(YOUR INSTRUCTIONS) The answer must be only the lines below from the one holding "CERRADURA PUERTA TRASERA" down to the one holding "Eggsponential logo", ends included, printed exactly; please omit all pictures.

(RECORDED INFORMATION)
"""

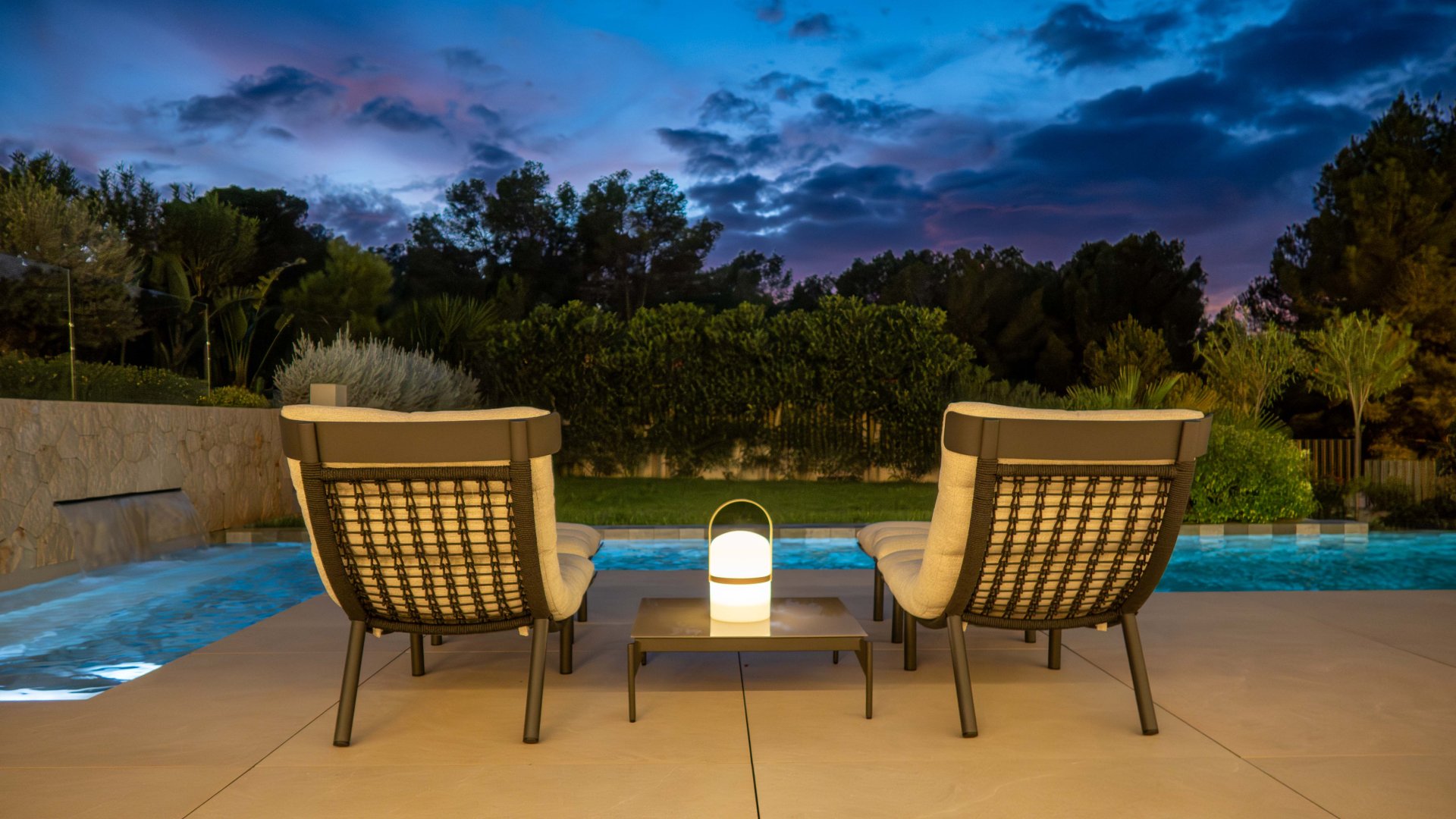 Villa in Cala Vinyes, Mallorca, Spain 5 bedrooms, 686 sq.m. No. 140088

"""
"""

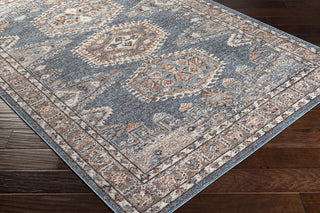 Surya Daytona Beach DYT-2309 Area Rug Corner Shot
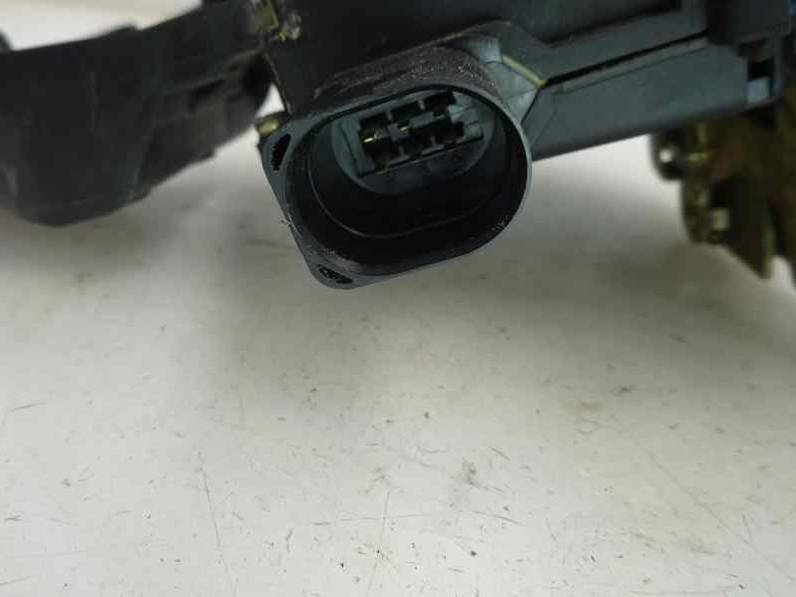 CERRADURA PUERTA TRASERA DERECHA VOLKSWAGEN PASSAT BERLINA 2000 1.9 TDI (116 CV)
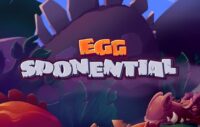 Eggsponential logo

"""

(YOUR RESPONSE)
 CERRADURA PUERTA TRASERA DERECHA VOLKSWAGEN PASSAT BERLINA 2000 1.9 TDI (116 CV)
 Eggsponential logo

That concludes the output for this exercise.